To address performance constraints, the architecture incorporates a **finite state machine (FSM)** optimised through pipelining, which significantly reduces the execution time from **385 to 145 clock cycles**.

The design was validated through extensive simulation using **ModelSim** and successfully deployed on the **NEXYS 3 FPGA**. The implementation highlights the power of custom hardware for machine learning algorithms, offering low-latency classification suitable for real-time embedded applications.

## Introduction

The K-Nearest Neighbours (KNN) algorithm is a widely used non-parametric method in machine learning for classification and regression tasks. However, its computational intensity, especially during the distance computation and sorting phases, makes it less suitable for real-time applications when implemented in software. FPGAs offer a parallel and deterministic hardware platform that can address these performance challenges. This project aims to design and implement a hardware-accelerated KNN classifier using Verilog HDL on a NEXYS 3 FPGA.

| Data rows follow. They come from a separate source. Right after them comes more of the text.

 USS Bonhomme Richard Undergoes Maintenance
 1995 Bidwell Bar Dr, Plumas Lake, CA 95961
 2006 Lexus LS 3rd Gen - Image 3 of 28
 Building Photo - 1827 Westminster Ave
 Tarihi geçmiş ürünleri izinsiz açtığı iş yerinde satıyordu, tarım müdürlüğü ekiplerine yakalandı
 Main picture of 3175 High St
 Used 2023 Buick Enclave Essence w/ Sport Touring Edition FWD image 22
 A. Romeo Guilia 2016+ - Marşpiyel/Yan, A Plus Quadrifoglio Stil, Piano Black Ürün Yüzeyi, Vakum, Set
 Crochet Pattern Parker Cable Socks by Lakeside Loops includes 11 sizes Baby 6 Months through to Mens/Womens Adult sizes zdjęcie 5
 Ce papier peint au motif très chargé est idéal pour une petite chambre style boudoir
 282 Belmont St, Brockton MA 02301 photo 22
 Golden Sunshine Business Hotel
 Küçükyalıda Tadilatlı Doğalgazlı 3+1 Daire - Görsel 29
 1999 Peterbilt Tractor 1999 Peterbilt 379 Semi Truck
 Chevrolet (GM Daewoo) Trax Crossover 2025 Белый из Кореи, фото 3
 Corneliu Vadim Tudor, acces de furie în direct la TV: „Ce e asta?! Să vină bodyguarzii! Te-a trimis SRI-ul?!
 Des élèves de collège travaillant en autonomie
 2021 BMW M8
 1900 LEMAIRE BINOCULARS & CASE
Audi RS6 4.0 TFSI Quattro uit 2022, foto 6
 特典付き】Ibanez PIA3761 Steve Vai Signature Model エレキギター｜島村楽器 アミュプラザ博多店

## Background and Motivation

The need for real-time machine learning inference in embedded systems has driven interest in hardware acceleration. Traditional implementations of KNN are software-based and slow, particularly for large datasets. Hardware implementation on an FPGA provides benefits like low latency, parallelism, and reconfigurability. The project was developed as part of an FPGA hackathon and serves as a benchmark for applying algorithmic optimisations and hardware design principles.

## Methodology

### Dataset Format and Assumptions

Each data point in the training set consists of a fixed number of features (e.g., 4 features), stored in internal FPGA memory. The input vector is provided via FPGA switches and buttons.

### Design Architecture

The hardware design includes the following modules:

#### Distance Calculator

Computes Euclidean distance using subtractors, squares, and adders.

#### K-Nearest Selector:

Maintains a sorted list of the 5 smallest distances.

#### Majority Voter:

Outputs the class with the highest frequency among the nearest neighbours.

#### FSM Controller:

Manages data flow through states: RESET, LOAD\_COMPUTE, FINAL\_STORE, and CALC\_MAJ.

### FSM Optimisation

Initial simulation showed 385 clock cycles per classification. By pipelining the READ and COMPUTE states and overlapping the UPDATE and CLASSIFY stages, we reduced this to 145 clock cycles.

## Implementation

The design was written in Verilog and simulated in ModelSim. Synthesizable modules were tested on the NEXYS 3 board using Xilinx ISE.

## Results

* Initial Clock Cycles: 385
* Optimised Clock Cycles: 145
* Dataset: 128 training points, K = 5
* FPGA Board: NEXYS 3
* Toolchain: Xilinx ISE 14.5, ModelSim

Simulation and on-board tests verified functional correctness and performance improvement. Inputs were correctly interpreted, and the system responded with correct classifications.

## Discussion

Implementing KNN on an FPGA demonstrated substantial speed improvements over software-based approaches. The optimisation of FSM and pipelining was crucial in reducing latency.

## Conclusion

This project highlights the viability of implementing machine learning algorithms like KNN on FPGA platforms. The successful deployment of a pipelined, KNN classifier showcases the potential of FPGAs in real-time AI applications, particularly where power efficiency and low latency are critical.

## Future Work

Future improvements could include:

* Support for floating-point data using DSP blocks
* Dynamic training set updates via UART or memory-mapped interface
* Integration with other communication protocols like SPI or I2C

**References**

Xilinx Inc. (2012). *NEXYS 3 FPGA Board User Guide*. Retrieved from

<https://digilent.com>

Patterson, D. A., & Hennessy, J. L. (2017). *Computer organization and design RISC-V*

*edition: The hardware/software interface* (5th ed.). Morgan Kaufmann Publishers.

ISBN: 978-0-12-407726-3